The case of the missing code

Are al-Qaida terrorists hiding their secrets in eBay photographs?

Jul 17, 2002 | If you were a terrorist schooled in fundamentalist Islam, mass violence, digital cryptography and, not least, the pack-rat ethos peculiar to eBay, in which corner of that vast auction site might you hide your plans for America's end?

Would you favor the popular items, stuffing nuclear secrets into one of the nearly 4,000 Pez-related listings? Or would you go for something more obscure -- the date and time of al-Qaida's next operation concealed in a $3 glossy press photo from the old television sitcom "My Two Dads"? Or, displaying your flair for irony, would you conduct your terrorist business right under the kitsch-loving noses of the Americans who hate you most, those who would buy a "Boy Peeing on Osama" pickup-truck decal?

Silly as they seem, U.S. intelligence agents consider these questions key to their victory in the war on terrorism, according to unnamed sources who have been quoted in media reports over the past year. Since before Sept. 11, a series of articles have quoted experts suggesting that al-Qaida may be especially Internet-savvy and could be mounting a full-scale "cyberwar" against the United States.

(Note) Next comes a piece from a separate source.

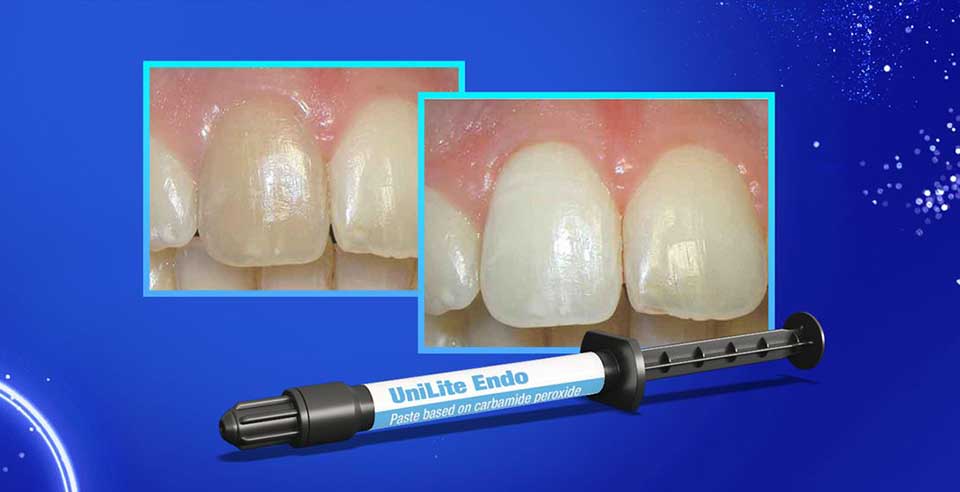 DSI Unilite Endo Whitening Paste- Bleaching of Non-vital Teeth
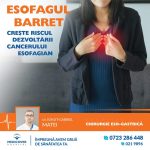 Esofagul Barrett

While much of it comes off as alarmist speculation, one hard-to-prove fact has slowly gained a patina of credibility: that terrorists are hiding coded messages in the image files on eBay and other sites that allow public posting. These images would appear normal to most eBay shoppers, but they are actually brimming with guile. A terrorist who knew their true purpose could download the files, decode them with his secret password and perhaps find out where to strike next.

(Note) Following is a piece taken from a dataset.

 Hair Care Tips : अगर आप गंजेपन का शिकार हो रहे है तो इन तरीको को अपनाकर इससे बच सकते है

Jack Kelley, a veteran foreign correspondent for USA Today, has been at the forefront of these reports. In February 2001, Kelley reported that hidden "in the X-rated pictures on several pornographic Web sites and the posted comments on sports chat rooms may lie the encrypted blueprints of the next terrorist attack against the United States or its allies."

His report prompted a flurry of follow-up stories in other publications, including one Wired News story in which a security expert said that his company, WetStone Technologies, had found several hidden messages on eBay and Amazon. After Sept. 11, dozens of newspapers, including the New York Times and the Washington Post, cited WetStone in reports that eBay may be crawling with terrorists. These accounts were almost universally dismissed by Internet-rights types, who said that they wouldn't believe the stories until they saw proof that "steganography" -- the practice of digitally hiding messages in media files -- is indeed on the rise.

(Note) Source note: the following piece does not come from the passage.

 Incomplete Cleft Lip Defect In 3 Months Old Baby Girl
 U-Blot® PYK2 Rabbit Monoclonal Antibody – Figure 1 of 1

On July 10, USA Today prompted renewed interest in the steganography debate by adding some meat to the eBay story. "Lately, al-Qaida operatives have been sending hundreds of encrypted messages that have been hidden in files on digital photographs on the auction site eBay.com," reported Jack Kelley. "The volume of the messages has nearly doubled in the past month, indicating to some U.S. intelligence officials that al-Qaida is planning another attack." Kelley added that eBay did not return his calls for comment.

The USA Today article has raised plenty of eyebrows -- eBay for example, has no record of being contacted by Kelley, and stresses that no federal agency has alerted it to any potential problems. There also appears to be little, if any, publicly available hard evidence of the use of steganography in files on the auction site.

The frightful genius of steganography, though, is that, by design, you don't know when it's being used. Independent researchers have devised numerous methods to search for signs of its proliferation on the Web, and some have reported that they've found nothing, and there's consequently no reason to be afraid. But when you think about these studies, the results become about as comforting as homeland security advisor Tom Ridge's color-coded alert system. After all, if you search for hidden messages on the Web and find nothing, what should you conclude -- that there are no messages, or that the terrorists are too sophisticated, and your tools don't work?

The answer to this question turns out to be a highly personal one, a matter of individual psychology and interest rather than a reasoned decision based on collective safety and the immutable laws of math. Ask security types, or people who make software to aid security types, and they say that steganography is a grave threat to our safety. Defenders of steganography, and its cousin cryptography, take the opposite view. These are people who become easily exercised over the prospect of the government monitoring the Web, and they say that if researchers haven't found secret messages, the messages are likely not there. But amid this politicking, one important question tends to get left by the wayside: if steganography is, or eventually becomes, the preferred tool of terrorists, can we ever thwart it? According to many experts, the answer is probably no.